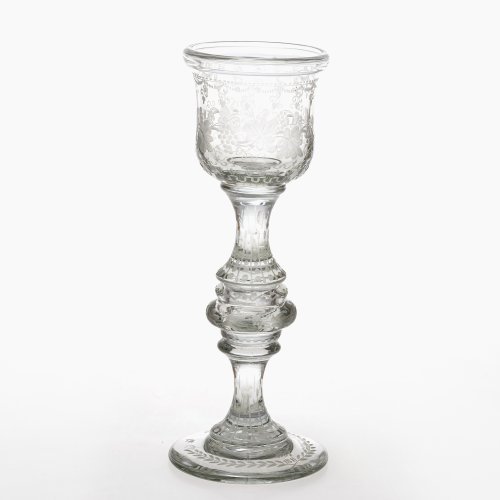 Pokal. Farbloses Glas, Schliffdekor. Dat. 1811.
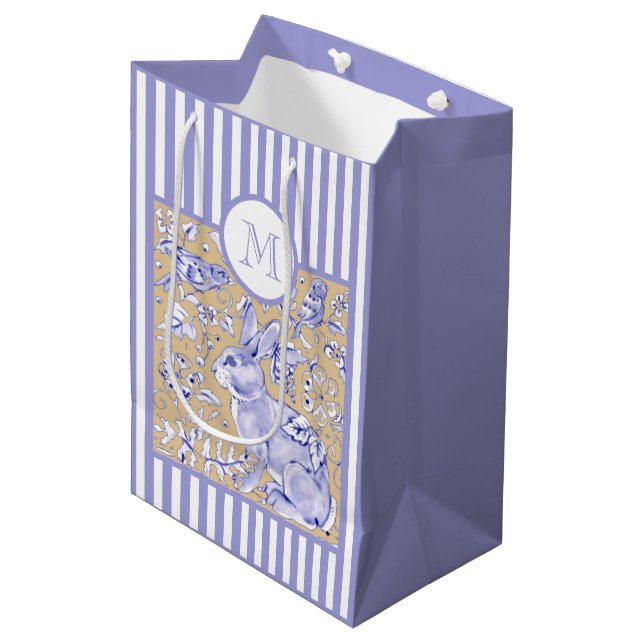 Blue White Rand Tan Rabbit Bird Blommigt Monogram (Framsidan Vinklad)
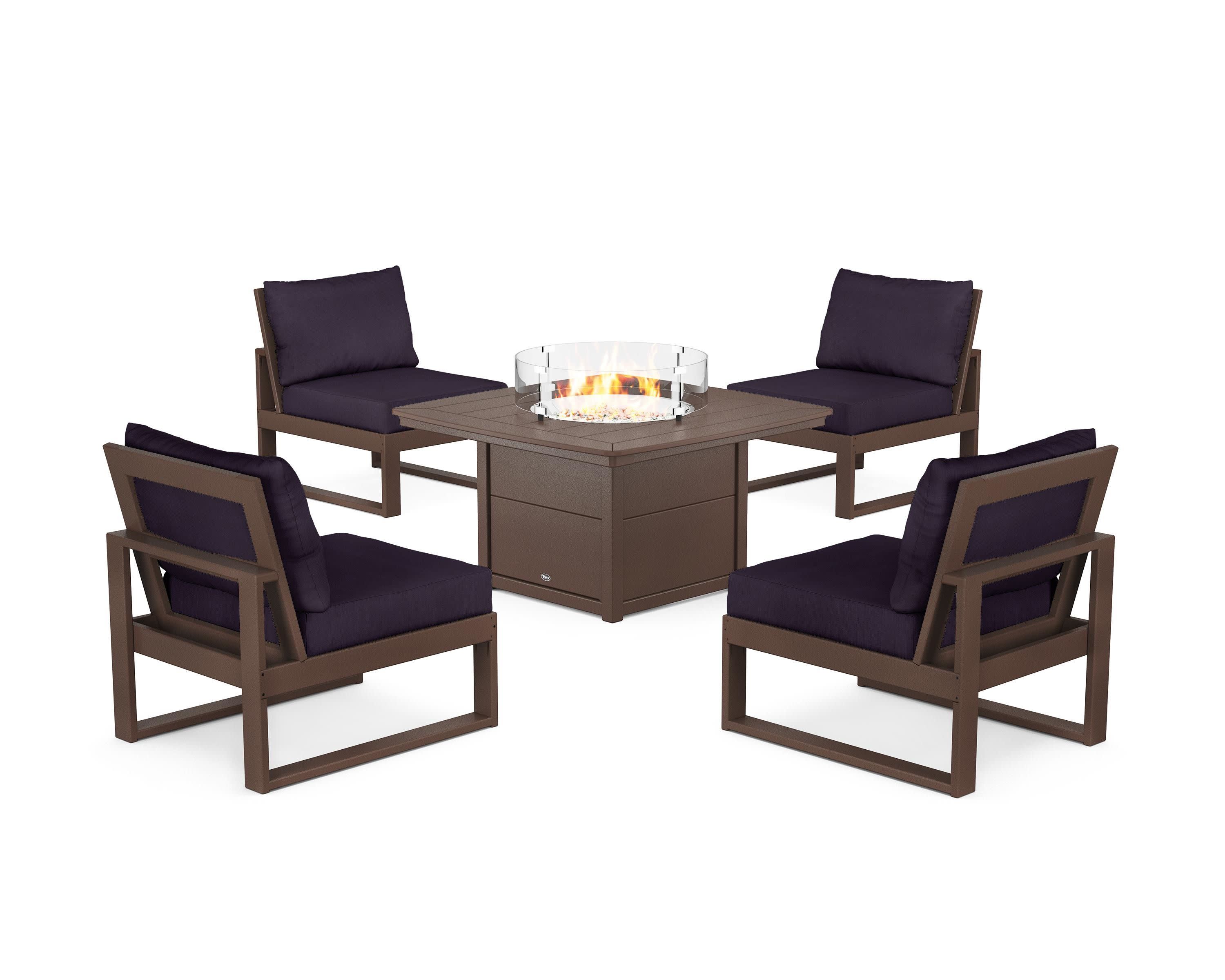 Eastport Modular 5-Piece Deep Seating Set with Yacht Club Fire Pit Table in Vintage Lantern / Navy Linen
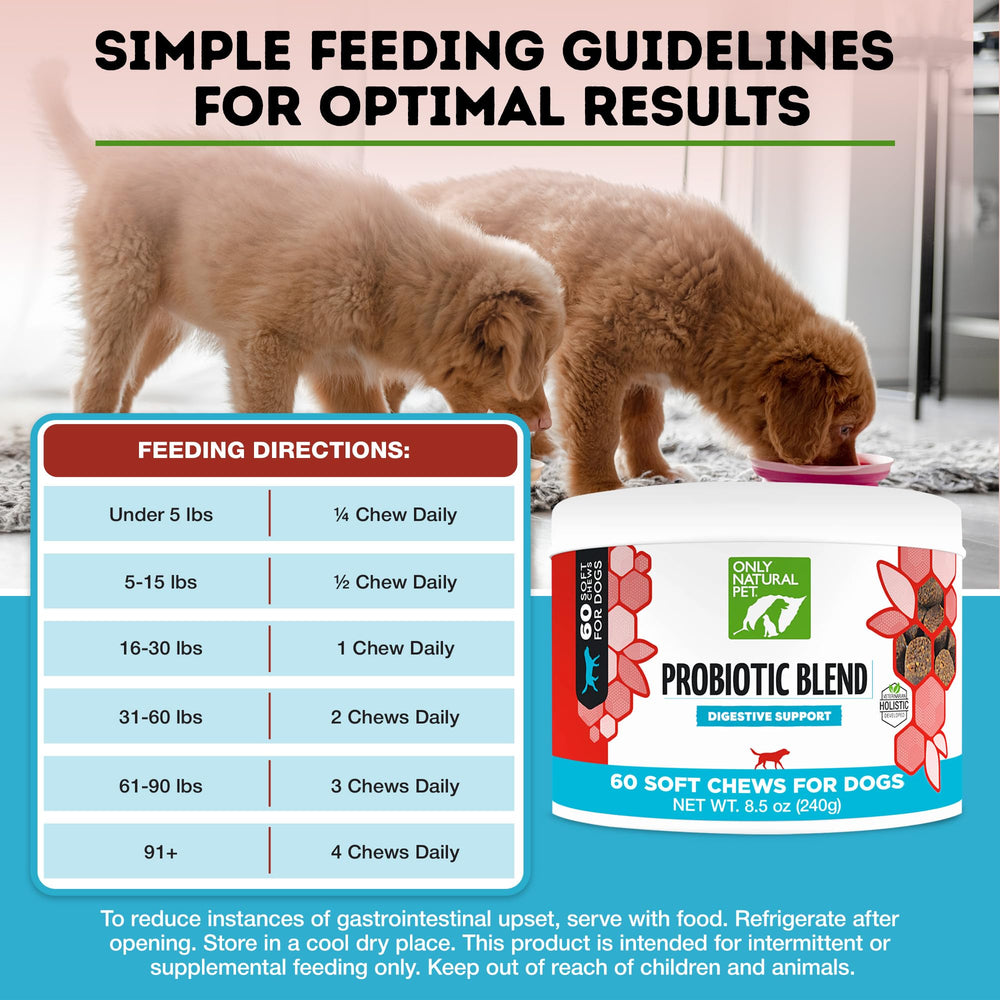 Only Natural Pet Probiotique usage quotidien pour chiens et chats soutien digestif.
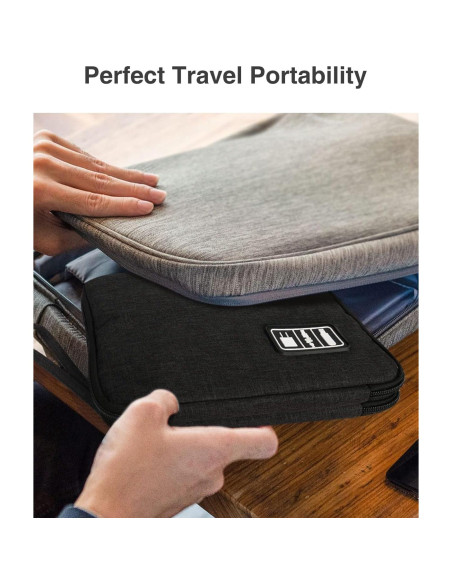 Organizador de Cables Luxtude Mediano Negro Doble Capa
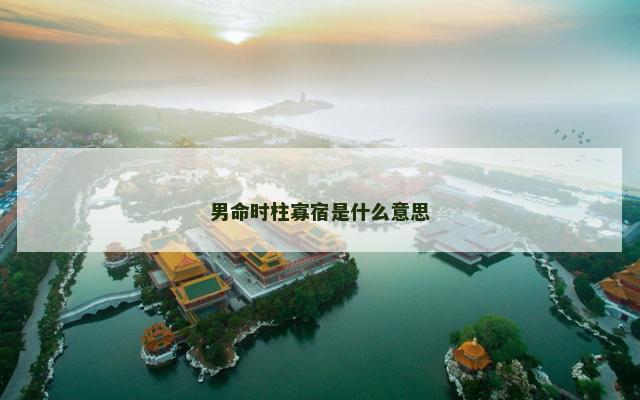 男命时柱寡宿是什么意思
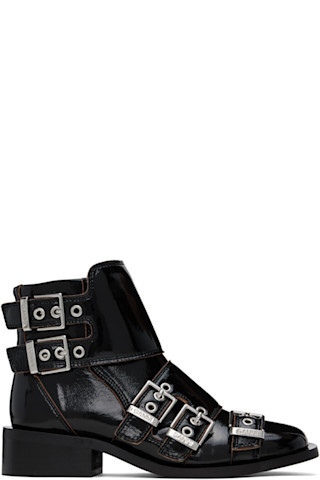 Black Feminine Buckle Naplack Boots | SSENSE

• Exercise prompt:
Repeat the whole of the material above exactly, but keep the pictures out.

• Task result:
 Pokal. Farbloses Glas, Schliffdekor. Dat. 1811.
 Blue White Rand Tan Rabbit Bird Blommigt Monogram (Framsidan Vinklad)
 Eastport Modular 5-Piece Deep Seating Set with Yacht Club Fire Pit Table in Vintage Lantern / Navy Linen
 Only Natural Pet Probiotique usage quotidien pour chiens et chats soutien digestif.
 Organizador de Cables Luxtude Mediano Negro Doble Capa
 男命时柱寡宿是什么意思
 Black Feminine Buckle Naplack Boots | SSENSE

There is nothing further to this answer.